The interactive below accompanies this article I wrote for the Washington Post. The article has some other figures, explains the motivation, and provides a less-detailed overview of the methodology than that provided below.
(Drag the vertical line)
Why does this approach work?
While head-to-head polls are generally not very predictive, the demographic patterns they reveal turn out to be much more durable, as the figure below illustrates. Polled demographic patterns (a candidate’s support in a demographic group, minus their overall support), on the horizontal axis, are compared to actual election reults on the vertical. Polls are shown for presidential elections since 2002, using available Quinnipiac demographic cross tabs, and exit poll results.
Methodology summary
I did some matrix algebra to basically estimate the (linear model) coefficients on each demographic category (white, college-educated, gender, etc.) and their interactions from the poll crosstabs. Ideally these would have been estimated using stratification from a multilevel Bayesian model. Either way, the predictions from this model were used as starting points in the next step.
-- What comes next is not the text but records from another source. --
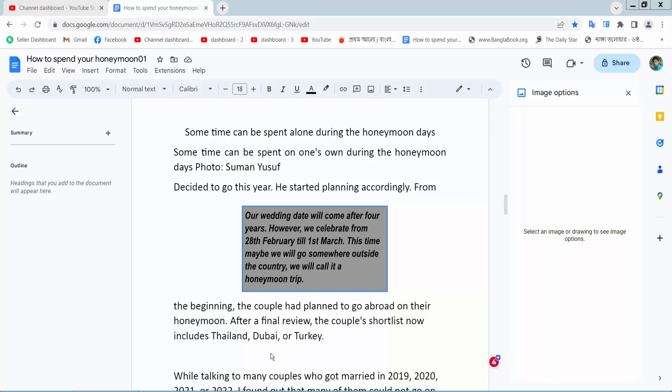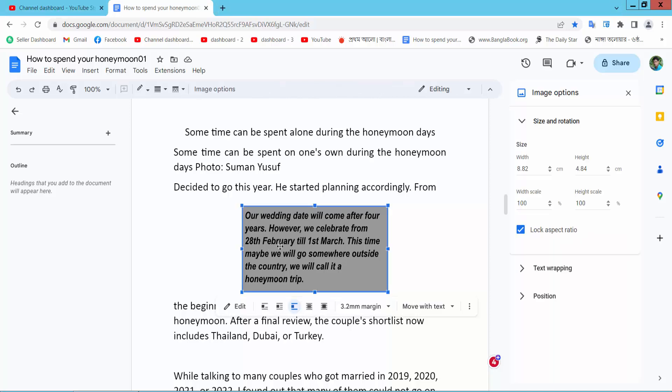Hello everyone! Today I will show you how to edit a text box in Google Docs. Open your Google Docs file and select your text box and right click on this text box.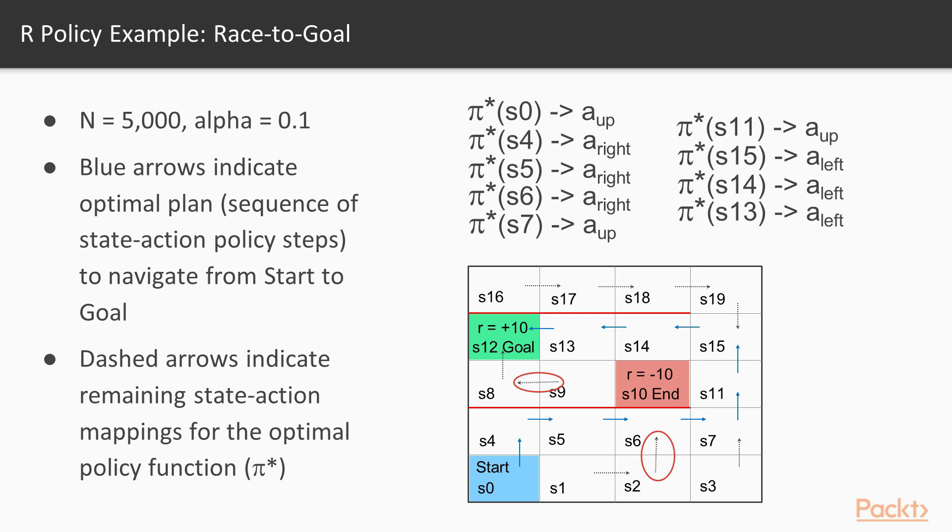So what did we do in this video? We described the Monte Carlo method, which is basically a resampling method, and we looked at an R example doing just that.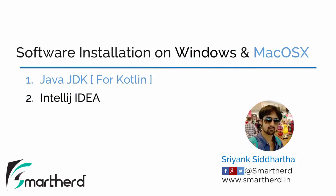Hi, this is Shriyank Siddharth and welcome to the next video of this Kotlin programming series. In this video we will learn how to install the software for Mac OS.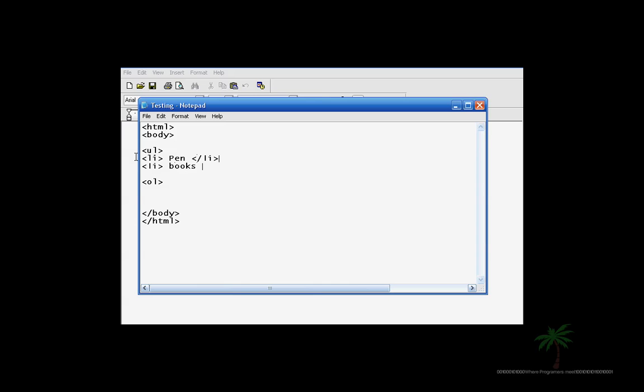Say books and close out with LI. And then let's just say pencil. So I type in LI, pencil, and close out. We just made a bullet list.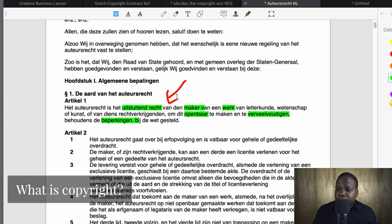In this video we talked about what is copyright, explained using the Dutch kingdom's law. I showed how it works in Article 1, with both a Dutch and English example. If you have questions or don't know how it works, feel free to contact me, and I'll see you in the next video.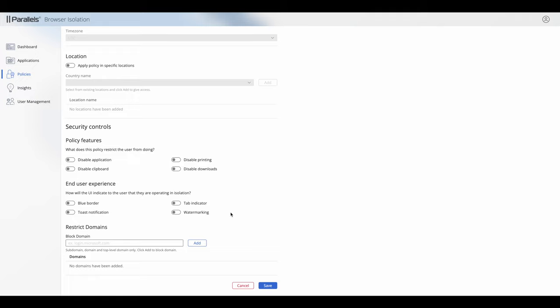We can put a blue border around the entire window. We can turn on a toast notification which pops up at the bottom of their screen to let them know they're on a secure browser. We can use a tab indicator which puts a little asterisk in their tab itself. We can also use watermarking, which is not just a visual indicator across their entire screen but also a security mechanism to discourage screenshotting of the application window.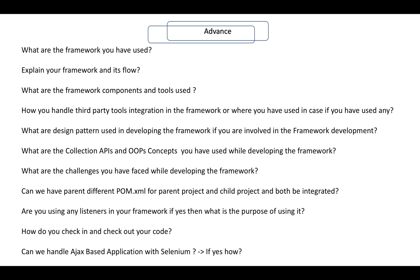What are the design patterns involved in developing the framework? If you are involved in framework development, what are the collection APIs, OOP concepts, or Java concepts that you have used? What are the challenges you faced while developing the framework? Can you have a parent pom.xml and child pom.xml for parent and child projects, and how can you integrate them?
I used exit poll and CPS microdata to build a synthetic electorate, with vote preferences by each cell (state×demographic) fit using iterative proportional fitting (and initialized to the model predictions above) so that the marginal totals matched state returns and national demographic crosstabs. Then I reweighted to account for 4 years of demographic change, to create a synthetic 2020 electorate.
Then, for each candidate, I computed the difference between the candidate’s support in each demographic group (on the logit scale) and the candidate’s overall support (also on the logit scale). These differences were then differenced again with the Clinton numbers from 2016. Basically we get a number saying how much to shift each demographic group on the logit scale. These shifts are applied again through the iterative proportional fitting algorithm. The national shift is applied in the same way.
To account for error in the polls, I took the within-poll and across-poll error and simulated varying polling numbers by candidate, and then reran the analysis.